Çin’den Gelen Tepkiler
Çin Dışişleri Bakanlığı Sözcüsü Zhao Lijian, anlaşmayla ABD ve İngiltere’nin Avustralya’ya nükleer teknoloji desteği vermesini “büyük bir sorumsuzluk” sözleriyle kınadıklarını açıkladı.
Çin’in Washington Büyükelçiliği’nden yapılan açıklamada, “Üçüncü ülkelerin çıkarlarını hedef alan dışlayıcı bloklar kurulmamalı. Üç ülke özellikle de, Soğuk Savaş dönemi düşünce şeklinden ve ideolojisinden kurtulmalı.” ifadelerine yer verildi.
Bir Tepki De Avrupa Birliğinden Geldi
Avrupa Birliği’nin Dış İlişkiler ve Güvenlik Politikası Sorumlu Yüksek Temsilcisi Josep Borrell de anlaşmayı medyadan öğrendiğini ve büyük bir hayal kırıklığına uğradığını ifade etti.
Anlaşma konusunda AB’ye danışılmadığını belirten Borrell, “Böyle bir anlaşma herhalde bir gecede ortaya çıkmadı. Üzerinde uzun süre çalışıldığını tahmin ediyorum.
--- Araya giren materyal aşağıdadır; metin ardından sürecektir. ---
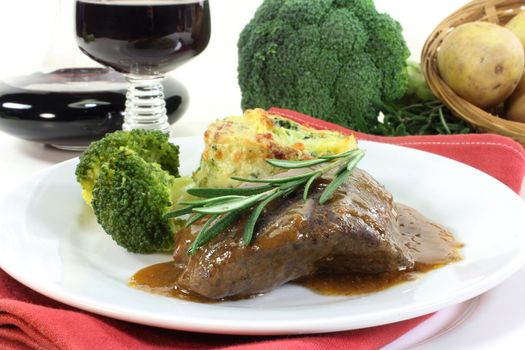 venison steak with broccoli and potatoes gratin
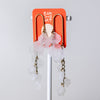 A pair of dangling earrings with translucent pale pink flower-shaped charms and gold-toned chains, displayed on an orange card mounted on a white stand against a light gray background.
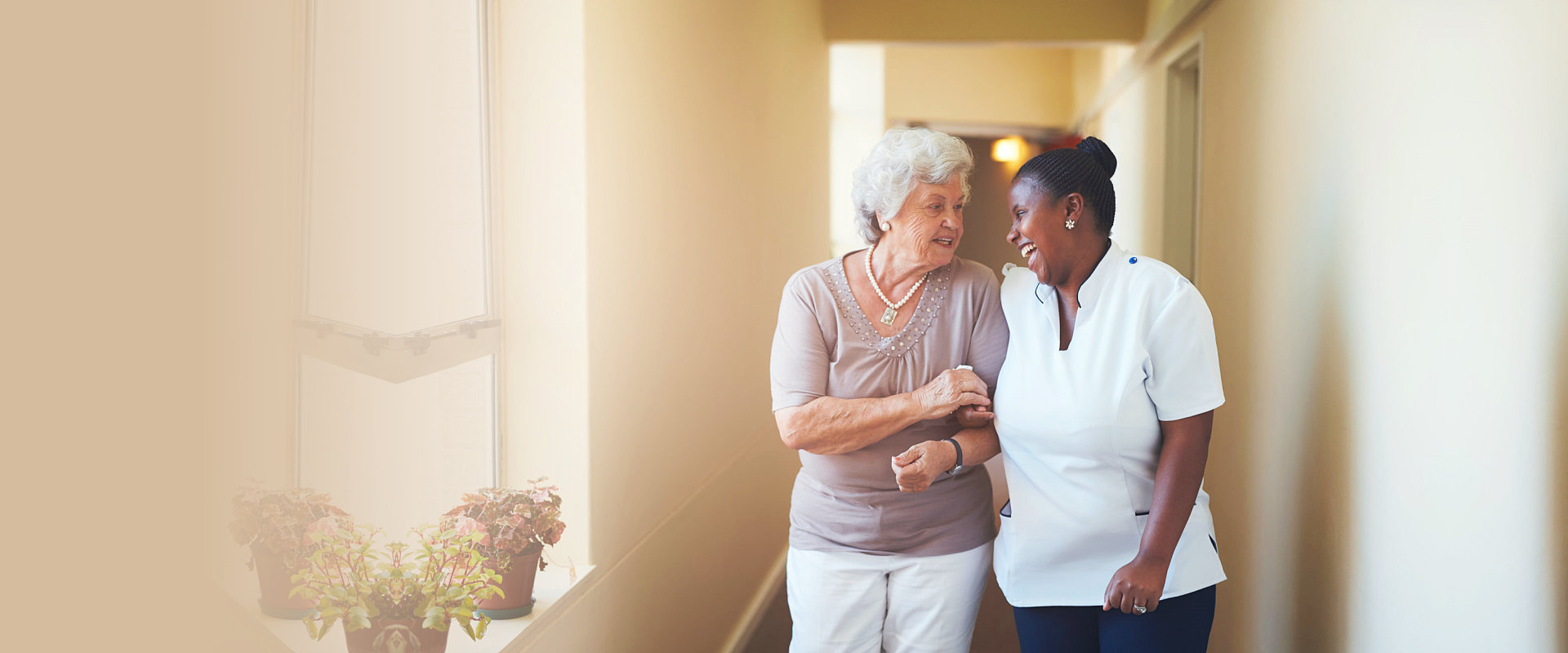 caregiver assisting elderly woman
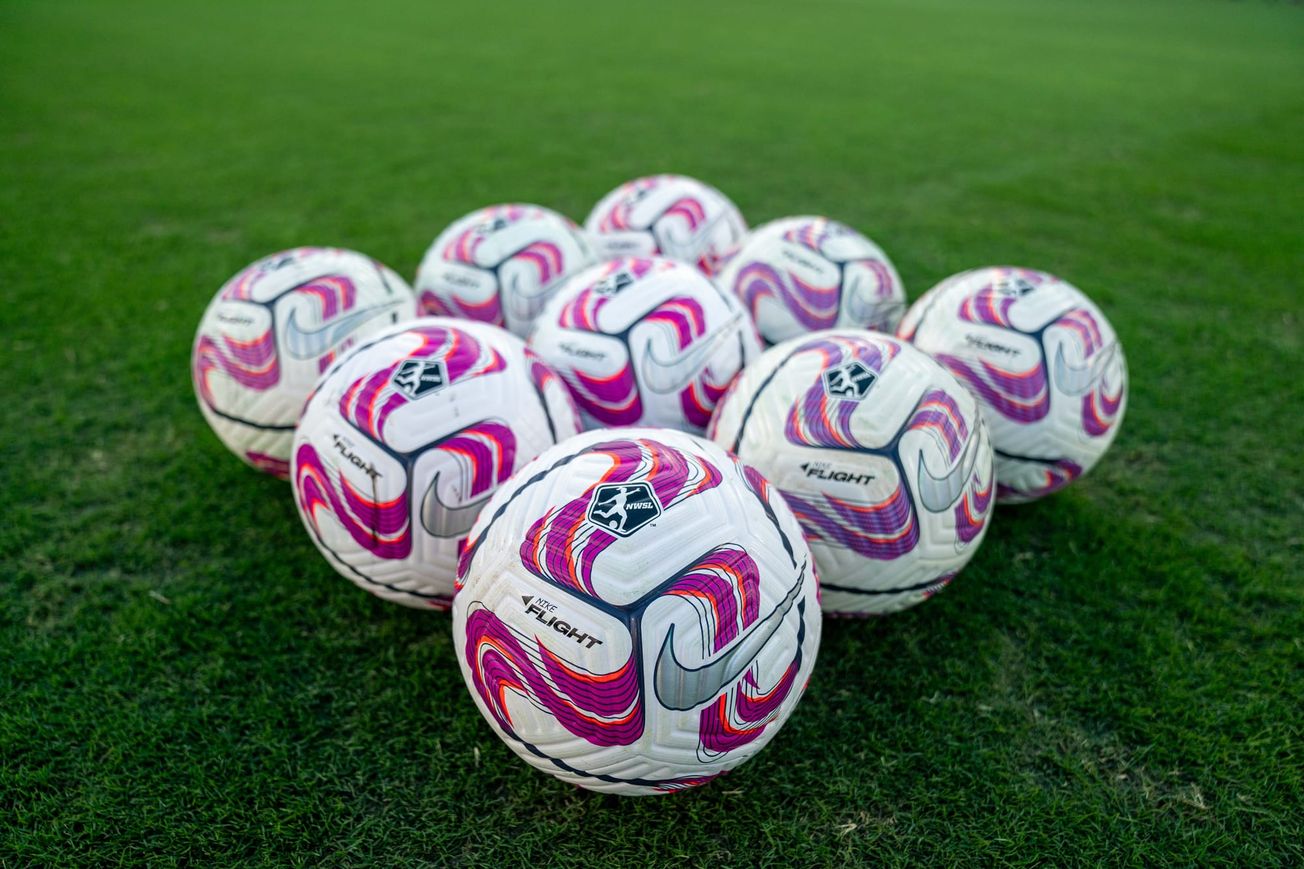 A collection of NWSL soccer balls in a diamond shape.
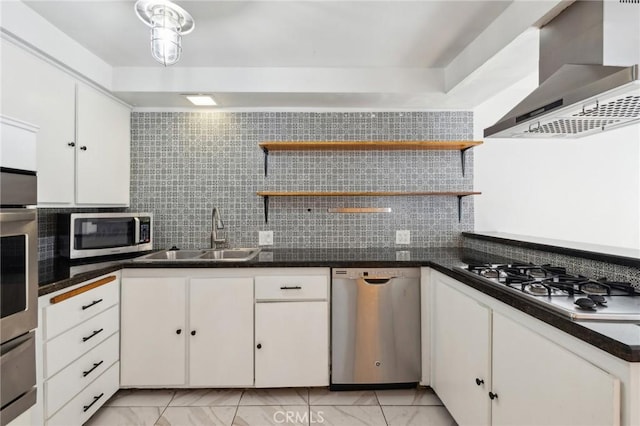 kitchen featuring appliances with stainless steel finishes, white cabinetry, wall chimney exhaust hood, and open shelves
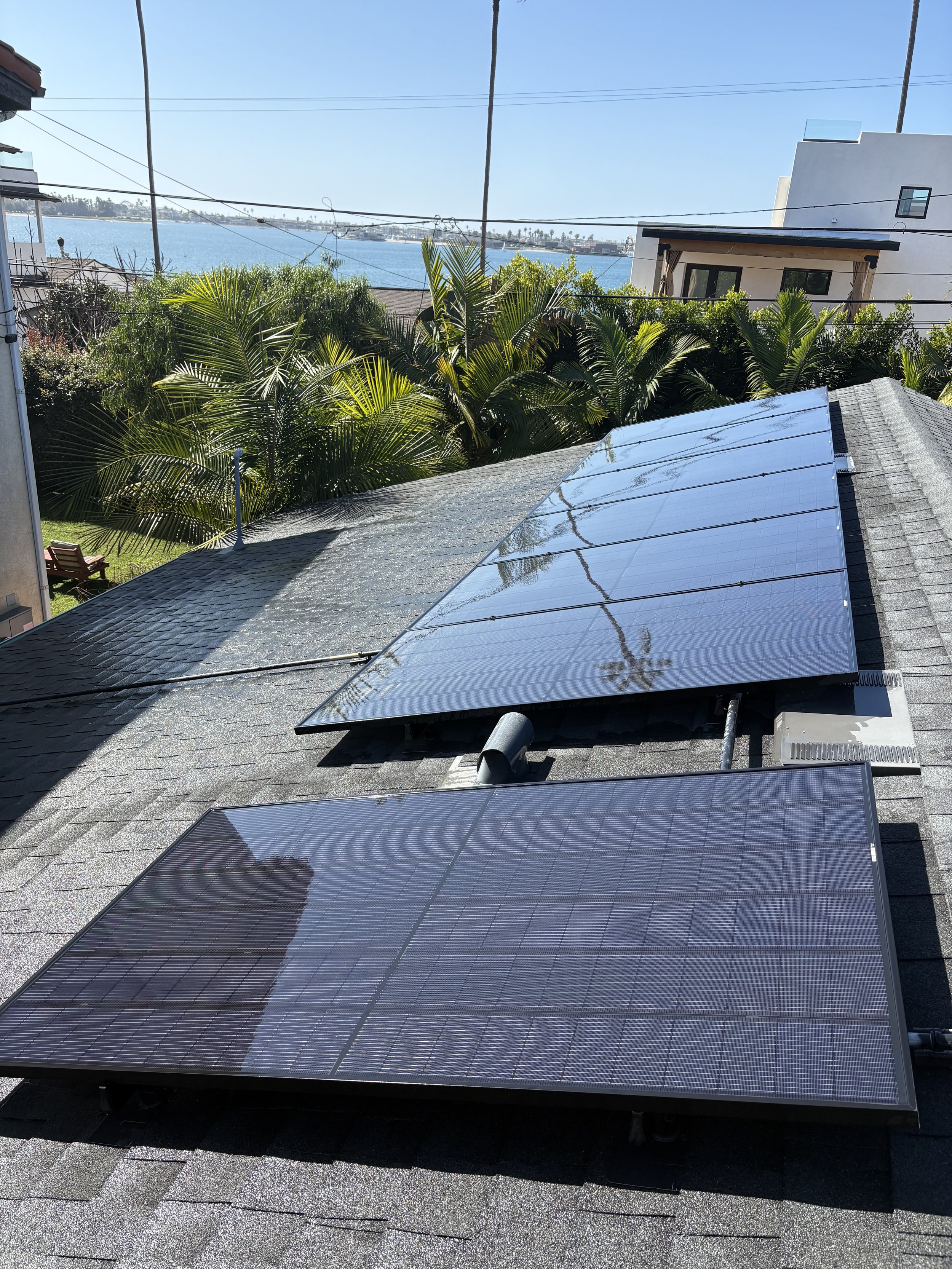 View of a roof with two mounted solar panels, overlooking a backyard with lush green plants and palm trees, and a body of water in the distance under a clear blue sky.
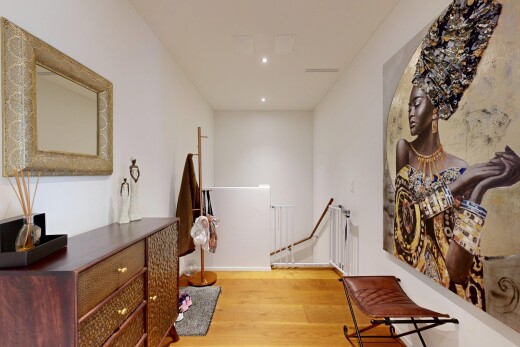 hall with light wood-style floors, recessed lighting, and an upstairs landing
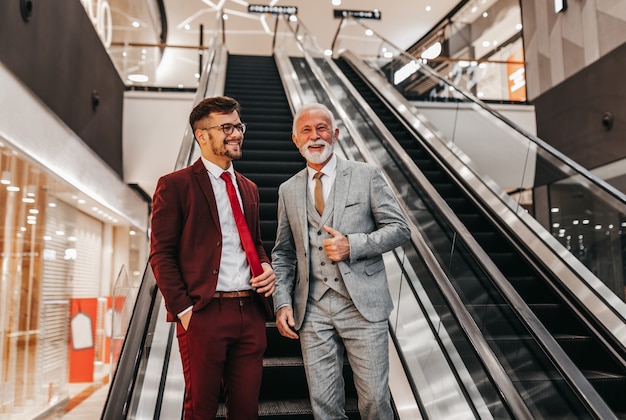 Dois empresários em frente a escada rolante e conversando.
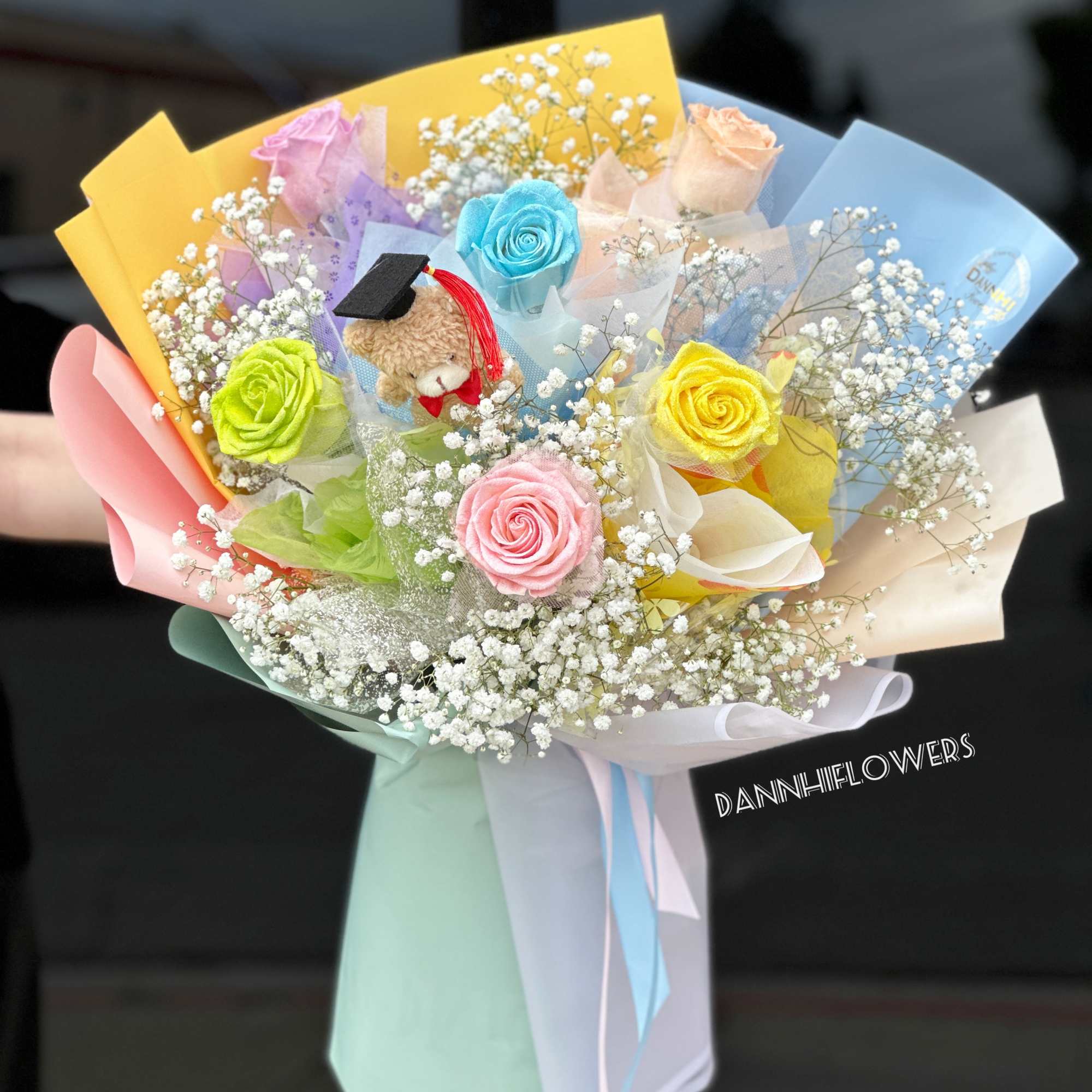 Colorful bouquet with roses, baby’s breath, and a small teddy bear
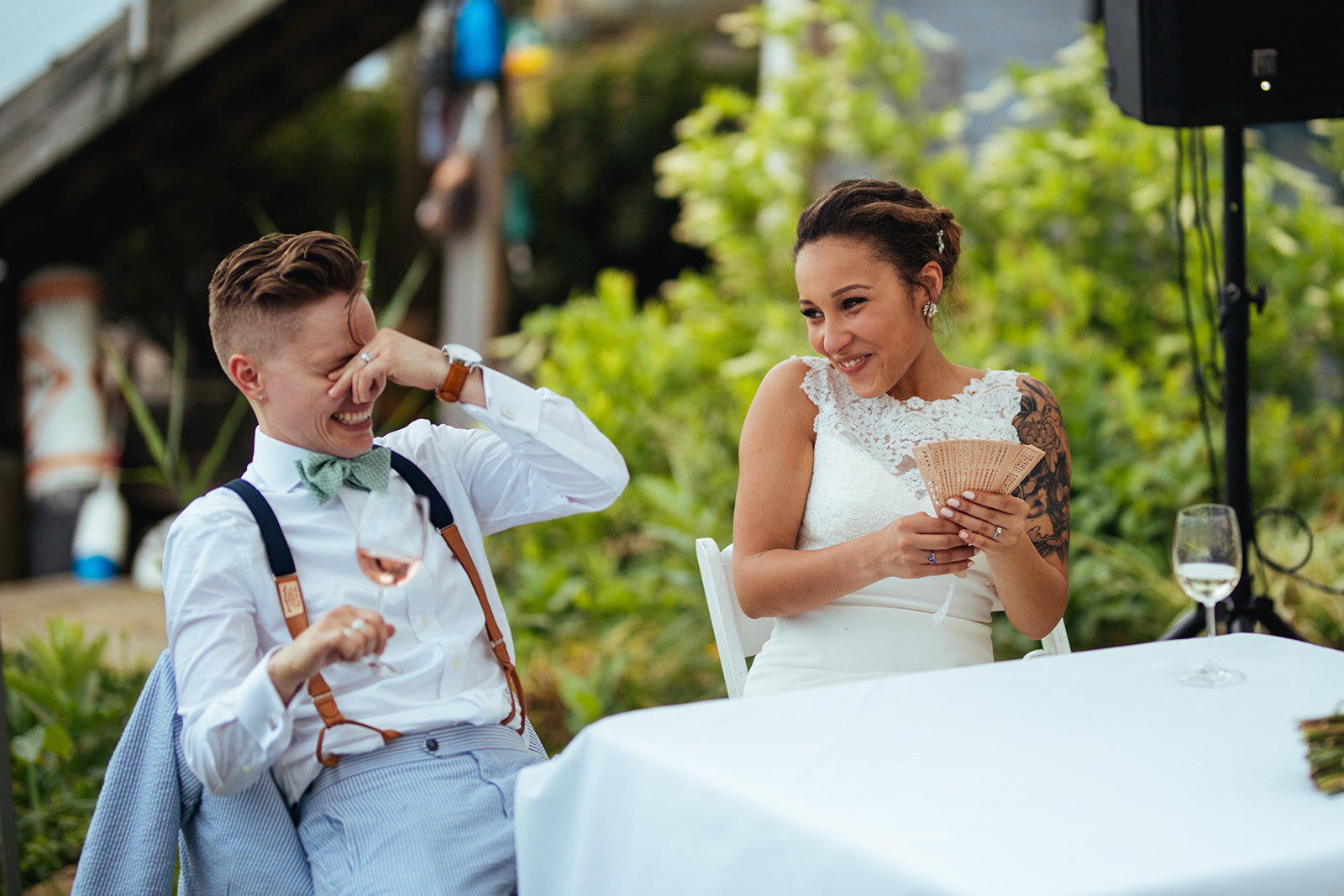 LGBTQ newlyweds laughing in Annapolis MD Shawnee Custalow Queer Wedding Photography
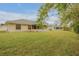 House with large grassy backyard and trees at 4572 Woodcove Dr, Port Orange, FL 32127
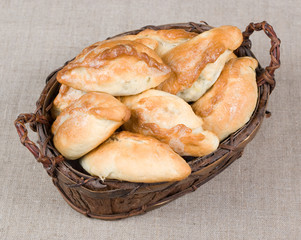 Homemade patties by grandma in a wooden vintage basket on a gray sackcloth background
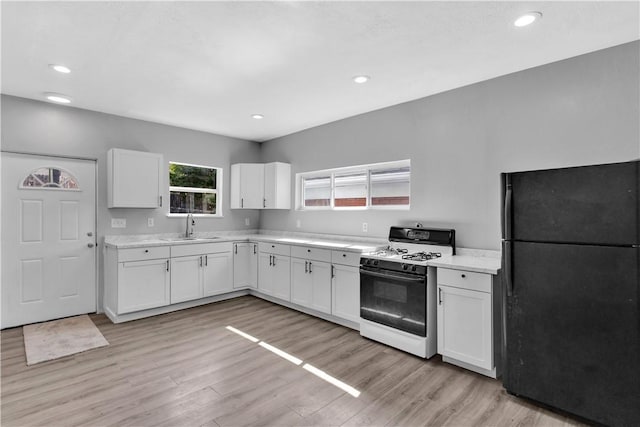 1406 Broadway Ave, Stowe Twp, PA 15136 - kitchen featuring freestanding refrigerator, range with gas cooktop, light countertops, white cabinetry, and light wood-style flooring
Bize bilgi verilmemesi, bu müzakerelere dahil edilmememiz üzücü, bu bir kez daha bizi Avrupa stratejik özerklik meselesine öncelik verme ihtiyacı üzerinde düşünmeye zorluyor. Bu, kendi başımıza ayakta kalmamız gerektiğini gösteriyor.” dedi.